A special project at Congregation Ohev Tzedek is bringing participants “closer to God” while fulfilling a mitzvah, a good deed.

Neil Yutkin, chairman of the ritual committee, said the scribe, Rabbi Menachem Bialo, evaluated the conditions of the Torahs at Ohev Tzedek.

“He told us what needs to be done on each one,” Yutkin said about the cleaning effort.

Over time, the Torahs have accumulated “schmutz,” the Yiddish term for dirt. The built-up grime must be removed before the scribe makes any other repairs and corrections.

Members of the congregation volunteering for the cleanings are accomplishing multiple goals, Yutkin said.

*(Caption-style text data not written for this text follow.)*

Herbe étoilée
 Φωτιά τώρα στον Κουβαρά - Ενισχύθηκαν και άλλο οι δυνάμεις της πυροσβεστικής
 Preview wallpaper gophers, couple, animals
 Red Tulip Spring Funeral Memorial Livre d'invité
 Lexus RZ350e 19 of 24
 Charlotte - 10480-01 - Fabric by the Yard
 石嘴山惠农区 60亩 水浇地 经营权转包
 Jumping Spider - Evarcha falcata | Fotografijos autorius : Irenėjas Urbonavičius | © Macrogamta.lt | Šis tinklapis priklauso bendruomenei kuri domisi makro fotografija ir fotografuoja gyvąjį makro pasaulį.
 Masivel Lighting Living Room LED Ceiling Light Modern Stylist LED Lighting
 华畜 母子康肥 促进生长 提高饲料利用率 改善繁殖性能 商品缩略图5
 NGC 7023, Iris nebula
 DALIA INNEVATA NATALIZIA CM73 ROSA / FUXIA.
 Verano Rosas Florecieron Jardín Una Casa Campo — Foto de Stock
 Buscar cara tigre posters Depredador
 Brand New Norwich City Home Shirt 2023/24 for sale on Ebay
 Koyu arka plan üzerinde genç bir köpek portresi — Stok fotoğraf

“This allows members to get closer than ever to the Torahs,” he said, noting the unique opportunity. At Ohev Tzedek, the Torah is generally read by the rabbi but any Jew may read from the Torah.

With members taking on the cleaning task, they also are saving the temple money.

Temple members also are performing a mitzvah. The synagogue newsletter noted that “in days of yore” working on a Torah scroll “was actually a commandment that everyone should write a Torah in their lifetime, and a king should do two.”

Yutkin said the temple has eight Torahs and one Holocaust Torah. The Torah undergoing the cleaning is about 125 years old. Yutkin said that sacred scroll is one of the “youngest” Torahs at the synagogue.

The Holocaust Torah is 300 years old. It is Scroll No. 58, one of 1,564 rescued Holocaust Torahs on permanent loan to the temple from the Memorial Scrolls Trust at Westminster Synagogue in London, England.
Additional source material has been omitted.